§ 3. Роль армии в «эпоху солдатских императоров»

К середине III в. н. э. внутреннее положение Римской империи было ослаблено и непрекращающимися войнами с варварами. В 238 г. готы прорвали нижнедунайскую границу и свободно проникли во Фракию и Македонию, Ахайю и ближайшие земли Азии. Месопотамию захватили парфяне, которые в 259–260 гг. опустошили и захватили также Сирию, Киликию, Каппадокию. В 248 г. германские племена разрушили верхнерейнский лимес. В 260 г. аламанны вторглись в Италию, а франки, разграбив Галлию, овладели Испанией и проникли даже в Африку.

Власть в государстве зависит от армии[81], — такое положение теперь являлось ведущим. Армия играла значительную роль в романизации народов, входивших в состав Римской империи, особенно Галлии. Поселения, основанные ветеранами в провинциях, способствовали введению римских порядков и учреждений. Провинциалы, служившие во вспомогательных отрядах римского войсках и в основных легионах, овладевали латинским языком, а при отставке получали землю. Расквартированные на всех границах огромной империи войска сохраняли верность очередному преемнику на троне, видя в нем олицетворение и носителя августовской легенды, которая поддерживала целостность государства.
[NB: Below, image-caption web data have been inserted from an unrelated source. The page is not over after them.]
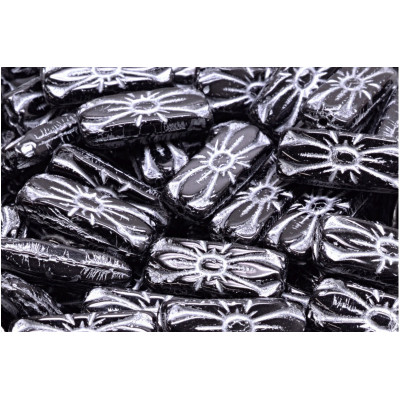 Flower Rectangle Beads 20x8mm Black Silver 23980-54201 | Czech Glass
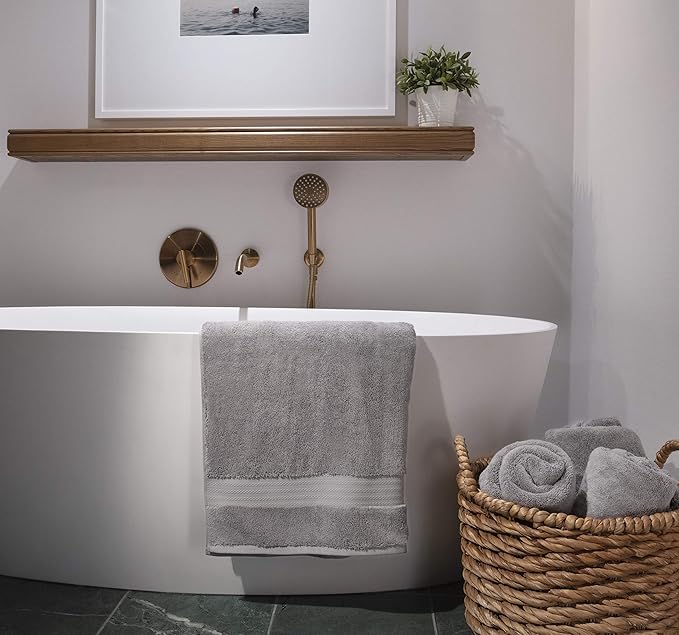 100% Organic Cotton Bath Towel Set | Bathroom Luxury Towel Set of 6 | GOTS Certified | Hotel Premium Towels | 700 GSM | 2 Bath Towel 30 x 56 | 2 Hand Towel 16 x 30 | 2 Wash Cloth 13 x 13 | Dark Gray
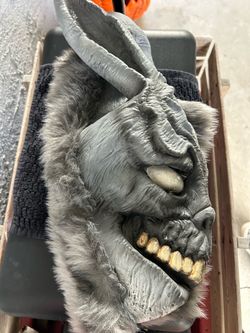 Donnie Darko Frank the Bunny Latex Mask with Fur Neck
Ряд исследователей полагает, что превращение армии в профессиональную было одним из проявлений кризиса[82]. Армия становится самостоятельной корпорацией со своими специфическими интересами. Корпоративный дух армии привязывал ее к военному лидеру, чей авторитет неизмеримо возрастал по мере побед и раздач денежных средств, подарков, земель. Популярность военного вождя укреплялась его личными качествами, его претензиями на богоизбранность и покровительство ему какого-либо божества.

К середине III в. н. э. все более падает авторитет императорской власти и носителя императорского титула. Причинами этого были безумие императора Нерона, насильственное умерщвление отдельных императоров[83], ряд крупных военных неудач, сделавших беззащитными целые регионы империи[84]. Катастрофы, подобные гибели в сражении императора Деция, пленение императора Валериана и его позорное рабство лишь усугубили положение, умножив властные амбиции военных командиров. Стремясь удержать армию в подчинении, римские императоры не только проводили ее реформирование, но и значительно расширили полномочия командующих, открыв последним перспективы единовластия[85]. Средством достижения и решающей силой оставалась армия, в которой все большую популярность приобретает идея сосредоточения единой власти в руках командующего, ею же самой и назначенным[86].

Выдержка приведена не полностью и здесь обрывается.